Most of us know from experience that tossing and turning at night means feeling awful the next day. And many of us understand that there are long-term health consequences when we don’t sleep well.

But I recently discovered something new from a fascinating study on sleep and its effect on how quickly the genes of postmenopausal women age, known as their “epigenetic age.” (Carroll et al. 2017)

In the study, postmenopausal women with 5 insomnia symptoms were almost 2 years biologically older than similar women without insomnia symptoms. The more symptoms of insomnia… waking up at night, not being able to get back to sleep, sleep disturbances, etc. — the greater the effect. However, if you sleep just 6 hours a night, it doesn’t seem to increase your epigenetic age, as long as it’s restful sleep. And that, of course, is where many of us have problems.

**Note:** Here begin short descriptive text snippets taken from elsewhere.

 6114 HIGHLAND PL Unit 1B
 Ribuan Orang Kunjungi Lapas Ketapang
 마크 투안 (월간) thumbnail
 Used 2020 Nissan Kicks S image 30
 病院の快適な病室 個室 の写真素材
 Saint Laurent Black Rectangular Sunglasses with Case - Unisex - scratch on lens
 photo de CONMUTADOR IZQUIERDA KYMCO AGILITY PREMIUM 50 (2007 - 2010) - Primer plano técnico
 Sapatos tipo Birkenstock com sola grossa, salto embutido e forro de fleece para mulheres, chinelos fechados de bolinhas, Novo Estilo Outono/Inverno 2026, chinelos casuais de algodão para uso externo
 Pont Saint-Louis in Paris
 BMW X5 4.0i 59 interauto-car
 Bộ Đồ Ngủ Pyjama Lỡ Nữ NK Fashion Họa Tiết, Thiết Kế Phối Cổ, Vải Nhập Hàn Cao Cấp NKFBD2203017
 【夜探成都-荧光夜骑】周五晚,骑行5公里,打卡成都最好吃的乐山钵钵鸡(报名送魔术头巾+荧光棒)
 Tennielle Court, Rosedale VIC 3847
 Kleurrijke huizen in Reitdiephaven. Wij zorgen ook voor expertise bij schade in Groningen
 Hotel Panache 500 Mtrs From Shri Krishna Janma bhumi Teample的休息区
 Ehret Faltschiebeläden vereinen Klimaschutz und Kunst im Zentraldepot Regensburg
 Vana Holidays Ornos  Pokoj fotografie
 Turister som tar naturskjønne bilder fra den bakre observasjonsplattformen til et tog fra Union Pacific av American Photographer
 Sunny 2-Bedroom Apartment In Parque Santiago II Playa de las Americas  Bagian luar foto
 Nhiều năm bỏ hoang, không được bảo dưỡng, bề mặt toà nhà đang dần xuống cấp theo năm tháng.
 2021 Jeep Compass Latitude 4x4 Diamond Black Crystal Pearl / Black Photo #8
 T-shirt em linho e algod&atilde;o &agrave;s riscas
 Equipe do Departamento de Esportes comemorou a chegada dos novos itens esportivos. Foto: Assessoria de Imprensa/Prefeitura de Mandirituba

So what can we do about it? I like to point out that research shows that our genes are not completely out of our control and that we can influence how they respond by taking better care of ourselves. For those of us who are past menopause and may be having trouble sleeping, this means looking for ways we can improve our sleep.

4 sleep tips you should try

  • Keep a regular schedule. Your brain likes consistency, so go to bed at 11 a.m. at the same regular time every night and in a dark room. When you get up, immediately take advantage of the morning light, either by going outside or by opening a window. Ensuring proper lighting is key to your circadian health.
  • Turn off the electronics! Computers, televisions, telephones – they are all enemies of sleep. Even a brief duration of light shining in your eyes tricks your brain into thinking it’s time to wake up. Turn off at least an hour before bed every night without fail, and place your phone on its charger in another room so you’re not tempted to look at it if you can’t sleep.
  • Eat early and in moderation. Large meals too close to bedtime disrupt sleep, while avoiding caffeine and stimuli (such as dramatic or stressful TV shows) can also help you fall asleep.
  • Keep relaxing once in bed. Once in bed, consider practicing relaxing abdominal breathing or guided imagery like the ones in yoga nidra.

You can see some of my favorite sleep remedies in the checklist above, including natural ones. L-tryptophan, which can be combined with magnesium for an even more relaxing effect.

Reference:
Carroll, J.E. et al. 2017. Epigenetic aging and immune senescence in women with symptoms of insomnia: findings from the Women’s Health Initiative studyBiological Psychiatry 81(2):136-144.

Dr Susan BrownAm Dr Susan E Brown. I am a clinical nutritionist, medical anthropologist, writer and motivationalist. spokesman. Learn about my time-tested, natural 6-step approach to bone health at my online courses.